ハンプトン・コート宮殿の人々 — ヘンリー8世と周囲の人々-1

2022-01-23 | うんちく・小ネタ

トーマス・ウルジー (Thomas Wolsey, 1475-1530) その3

ウルジーの成功は1520年が頂点と考えられるが、それ以後はイギリスを取り巻く国際情勢が目まぐるしく変化する中で、彼自身の野心を成就しようとする目論見やヘンリー8世の意向を実現させるための施策が困難に遭遇したり裏目に出たりしてめぼしい成果を上げることができなかった。例えば、1520年の金襴の陣以降フランス、スペインとの外交関係が安定しなかったこと、行政官として王に次ぐ強大な権力の座に上り詰めようと、王の近くにいた他の者たちの失敗をあからさまに利用してきたために多くの貴族に嫌われたこと、それを背景にヘンリー8世のための戦費調達がうまく行かなかったことがある。最も大きいのはヘンリー8世の離婚問題でローマ教皇の認可を得ることができず、王やアン・ブーリンは王の離婚問題解決を故意に遅らせていると不信を抱くようになり、1529年にウルジーはヨーク大司教の座を除き全ての役職から追放されてしまう。それと同時に、それまで王がほとんど自由に使っていたハンプトン・コート宮殿ははく奪され実質的な献上品としての状態から正式に王の財産となった。

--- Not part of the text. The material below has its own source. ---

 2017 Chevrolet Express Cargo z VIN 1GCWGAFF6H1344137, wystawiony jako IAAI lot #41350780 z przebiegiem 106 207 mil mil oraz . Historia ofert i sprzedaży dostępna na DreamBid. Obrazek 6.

1529年の夏も過ぎた頃、宮廷から追放されたウルジーは、1514年に既にその地位に就いていたが、ヨーク大司教としての任地へ生まれて初めて向かい、ヨーク手前のカーウッドにある大司教の邸宅(Cawood Castle)に落ち着いた。そこで彼は大規模な補修と改修を始めた。しかし、1930年末に反逆罪で逮捕される。その時、ウルジーは部屋で食事中であったが、逮捕の命を帯びたノーサンバランド伯爵が来たことを知ったウルジーは儀礼的な訪問だろうと思い、伯爵と従者の一人を中に招き入れ食事を提供する旨を口にしたが、伯爵は大司教を前に震えながらも小さな声で逮捕を告げたとウルジー側近の執事が記している。(https://www.landmarktrust.org.uk/news-and-events/latest-news/wolsey-and-cawood-history/  https://thetudortravelguide.com/2019/11/09/cawood/)ウルジーは裁判にかけられるということで、周囲の従者たちに別れを告げた後、ろばの背に乗って冬の夕方をロンドンに向かってカーウッドを出て行った。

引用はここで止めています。